Data to use –
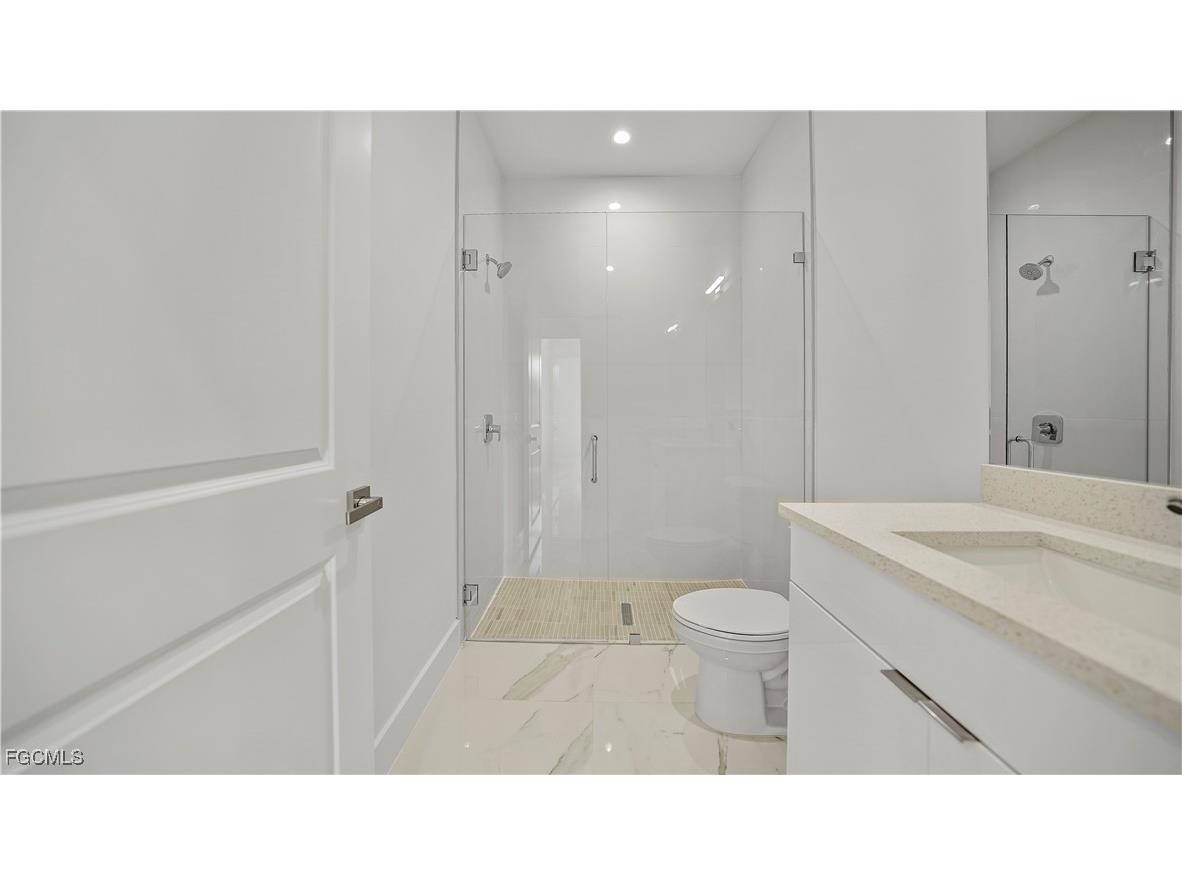 123 Ichabod Avenue Lehigh Acres FL 33973 2026001666 image25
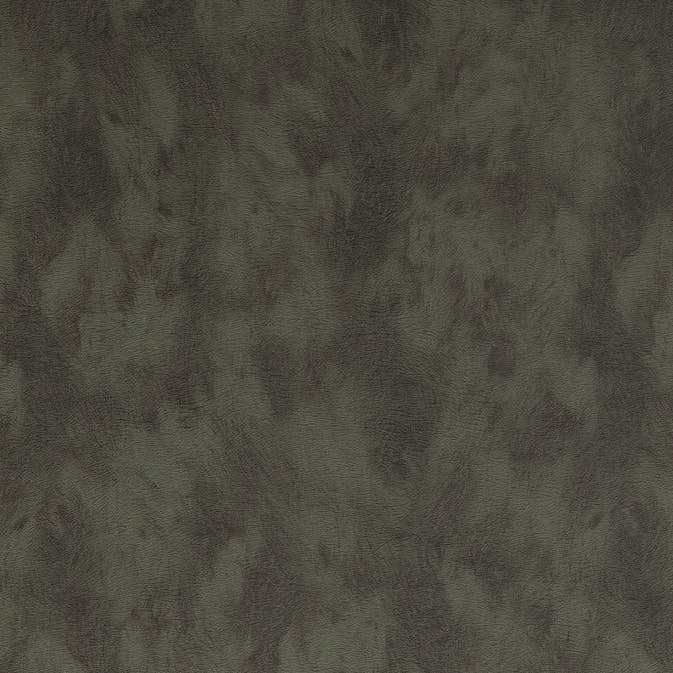 Tapet Eijffinger Skin 300584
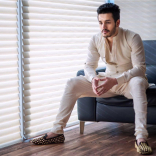 Akhil Akkineni New Latest Stylish Ultra HD Photos Stills Images Gallery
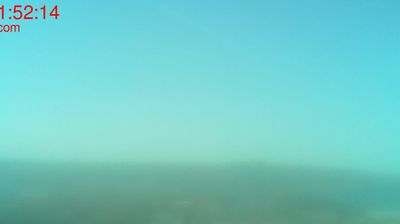 immagine della webcam nei dintorni di San Dorligo della Valle: webcam Muggia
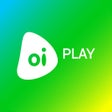 Ícone do programa: Oi Play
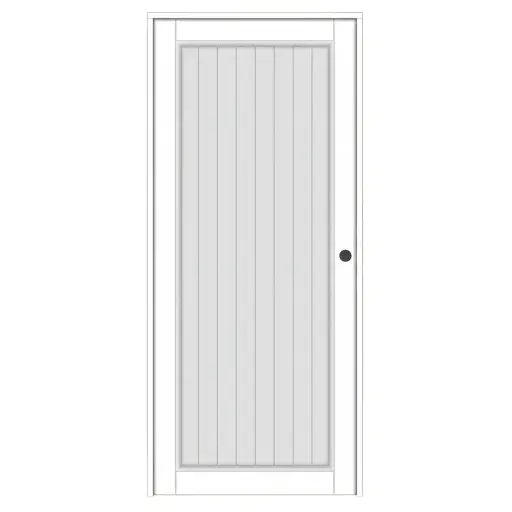 [265713480] PT. ALUM. BLANCA L/D M/H 34X80 I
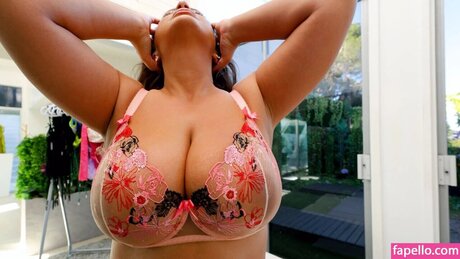 Coco Rains OnlyFans XXX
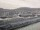 Webcam sur la AIDAsol, 7.7 km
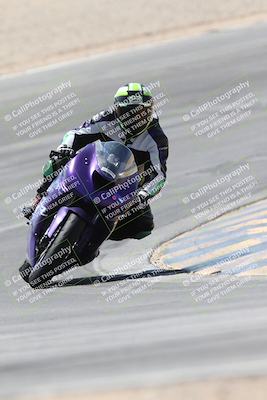 media/May-25-2025-TrackXperience (Sun) [[393a69de75]]/Level 2/Session 4 (Turn 10)/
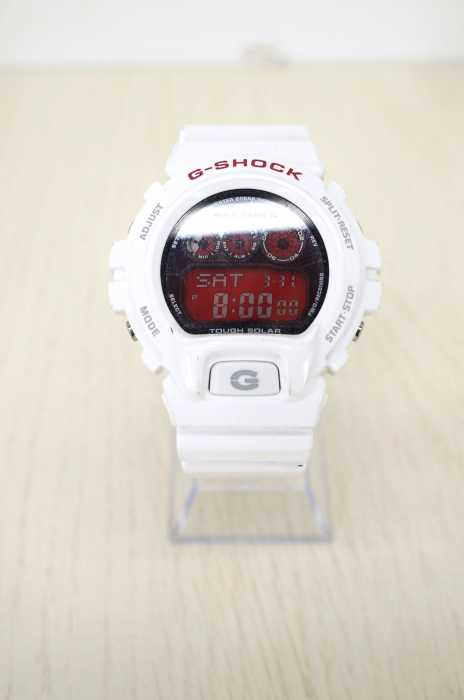 CASIO G-SHOCK (カシオジーショック) 6900 Series メンズ 腕時計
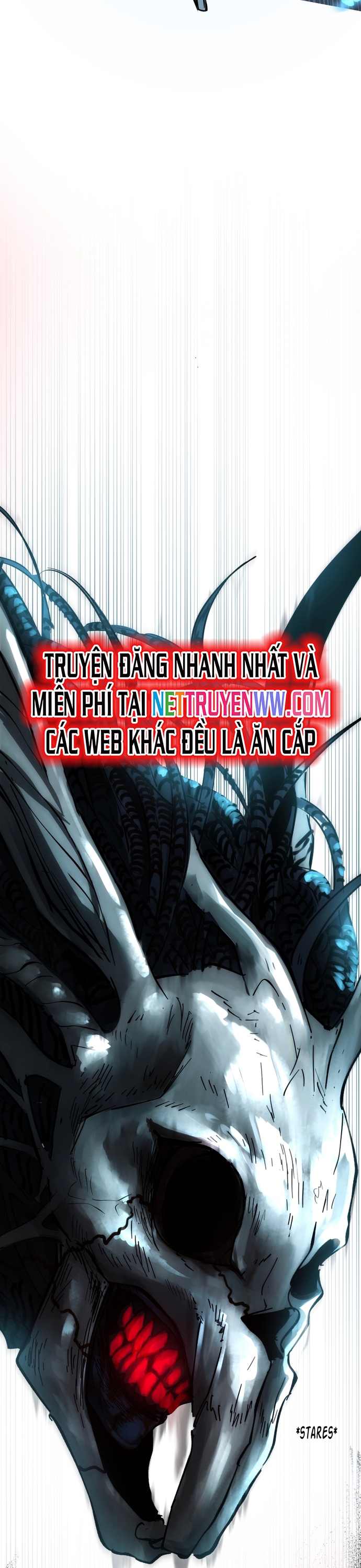 Chương 4 - Trang 13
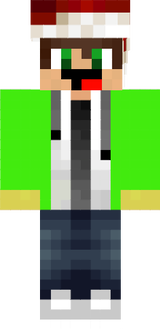 lsl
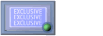 flipper-exclusive-motion2-w.gif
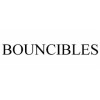 Bouncibles Logo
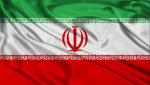 Drtajik آواتار ها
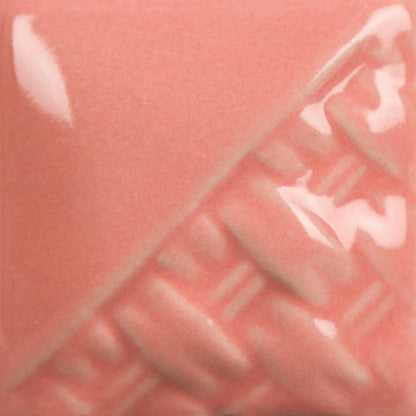 Cone 10 – redukce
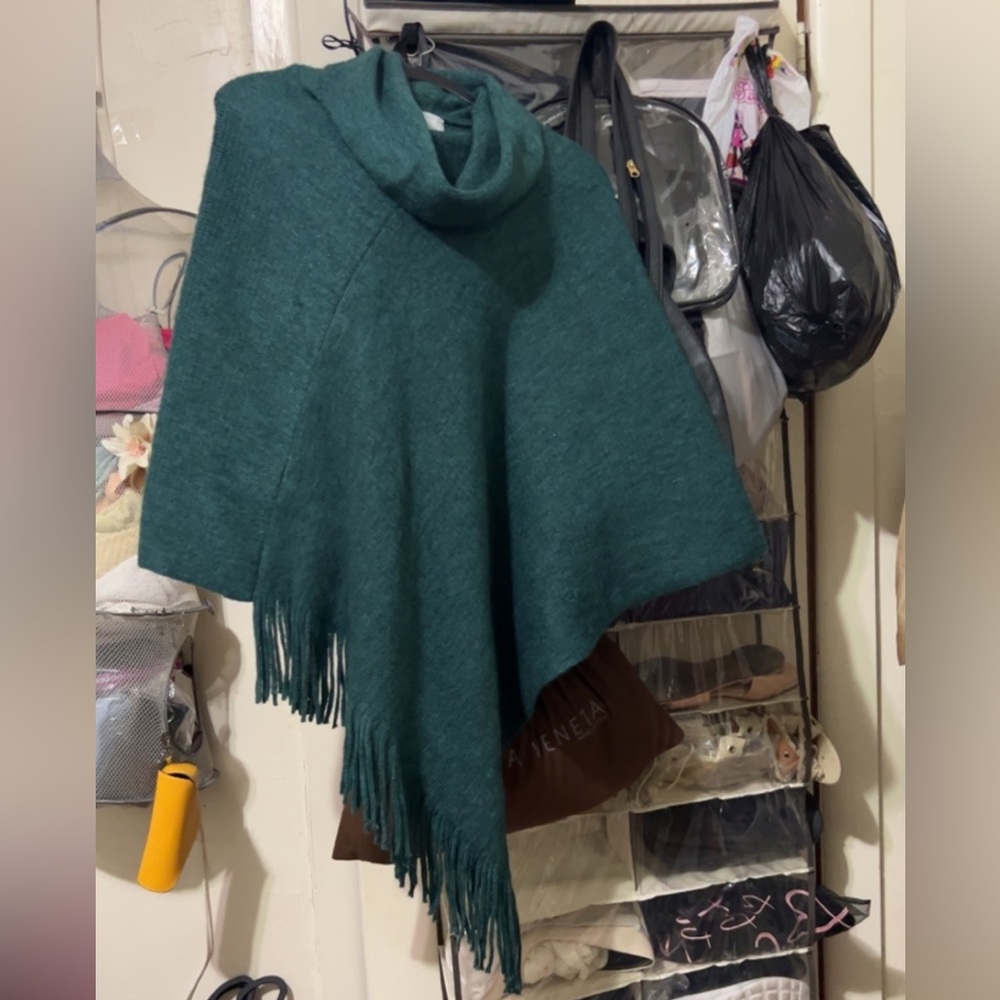Chico Poncho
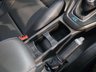 USED 2017 17 FORD FOCUS RS 300+BHP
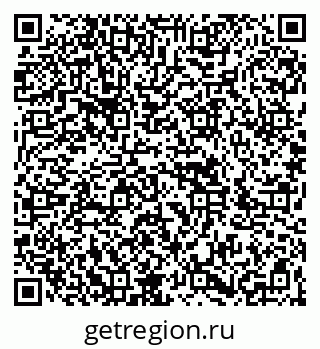 79266827690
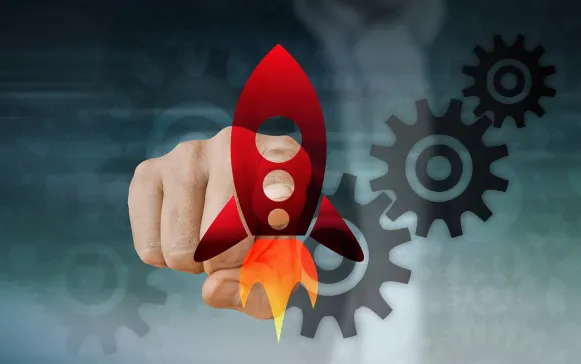 Pelataan Kasino Support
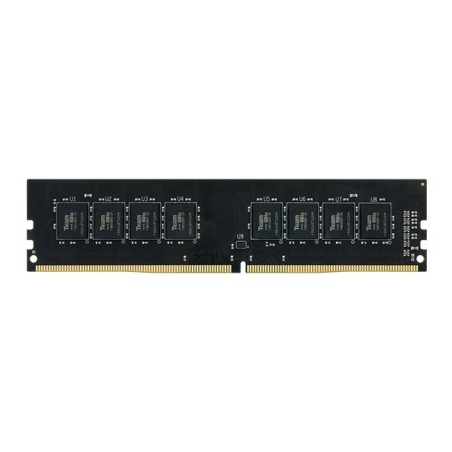 https://compmarket.hu/products/148/148358/teamgroup-ddr4-16gb-pc-3200-team-elite-ted416g3200c2201_1.jpg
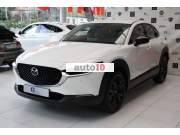 MAZDA CX30 2.0 122CV HOMURA 5P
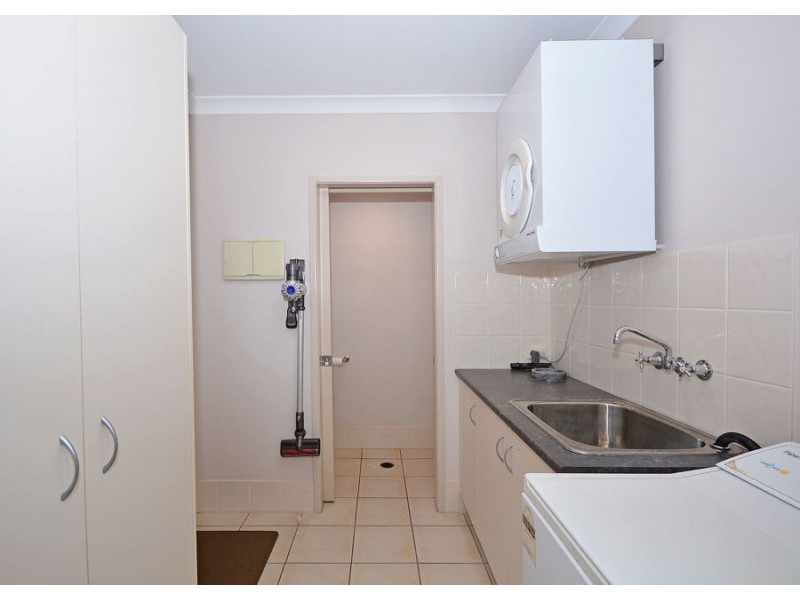 7/30 East Street, Scarness QLD 4655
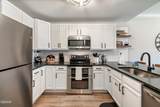 124 Plaza - Photo 8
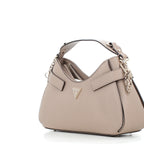 Borsa Guess donna ZG8091180P26PLC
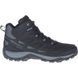 Ботинки Merrell West RIM Sport MID GTX Mns 036.0987 фото 2
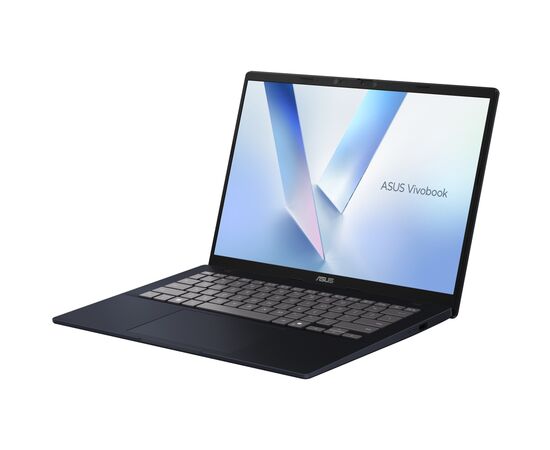 Ноутбук ASUS Vivobook 14 X1407QA-LY034W (90NB1601-M00440), изображение 3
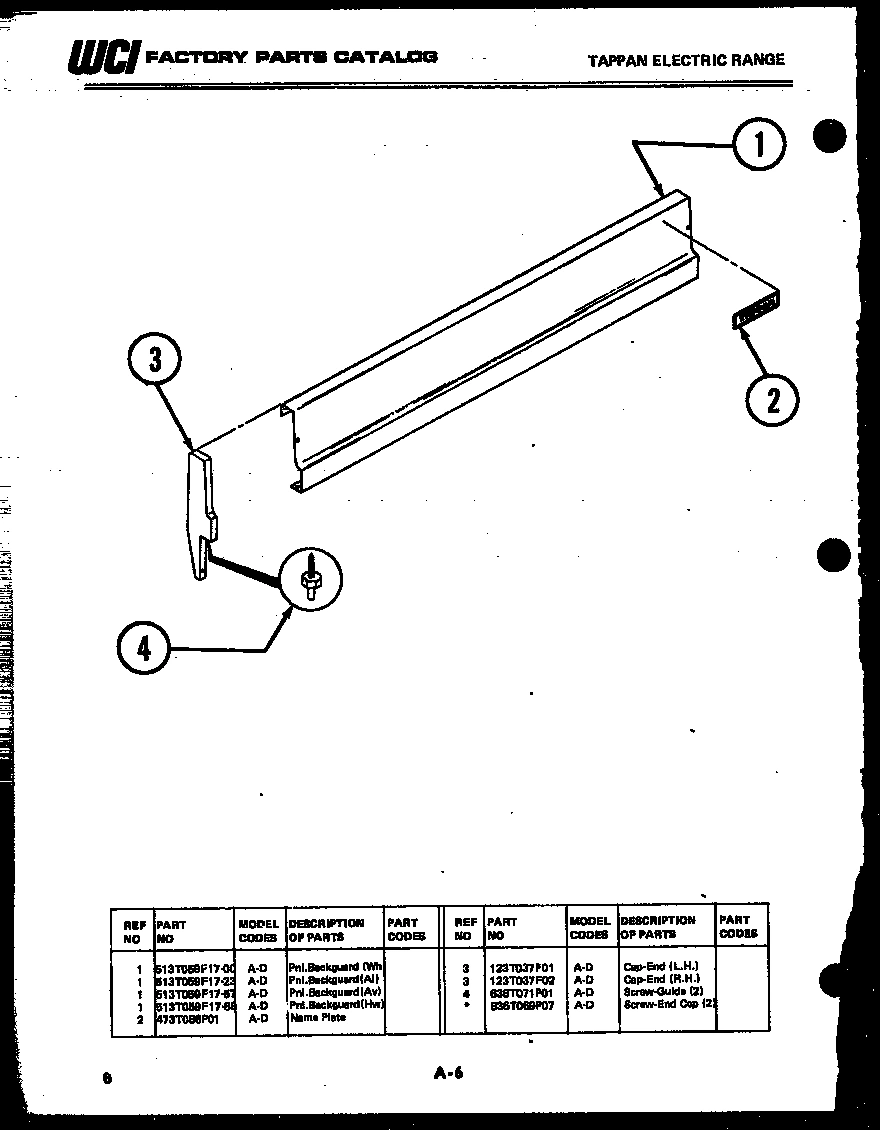 05 - BACKGUARD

Assignment – Please repeat exactly the lines from the one containing "Bouncibles Logo" through the last line of the records, both included, and leave out the pictures.

Your solution –
 Bouncibles Logo
 Drtajik آواتار ها
 Cone 10 – redukce
Chico Poncho
 USED 2017 17 FORD FOCUS RS 300+BHP
 79266827690
 Pelataan Kasino Support
 https://compmarket.hu/products/148/148358/teamgroup-ddr4-16gb-pc-3200-team-elite-ted416g3200c2201_1.jpg
 MAZDA CX30 2.0 122CV HOMURA 5P
 7/30 East Street, Scarness QLD 4655
 124 Plaza - Photo 8
 Borsa Guess donna ZG8091180P26PLC
 Ботинки Merrell West RIM Sport MID GTX Mns 036.0987 фото 2
 Ноутбук ASUS Vivobook 14 X1407QA-LY034W (90NB1601-M00440), изображение 3
 05 - BACKGUARD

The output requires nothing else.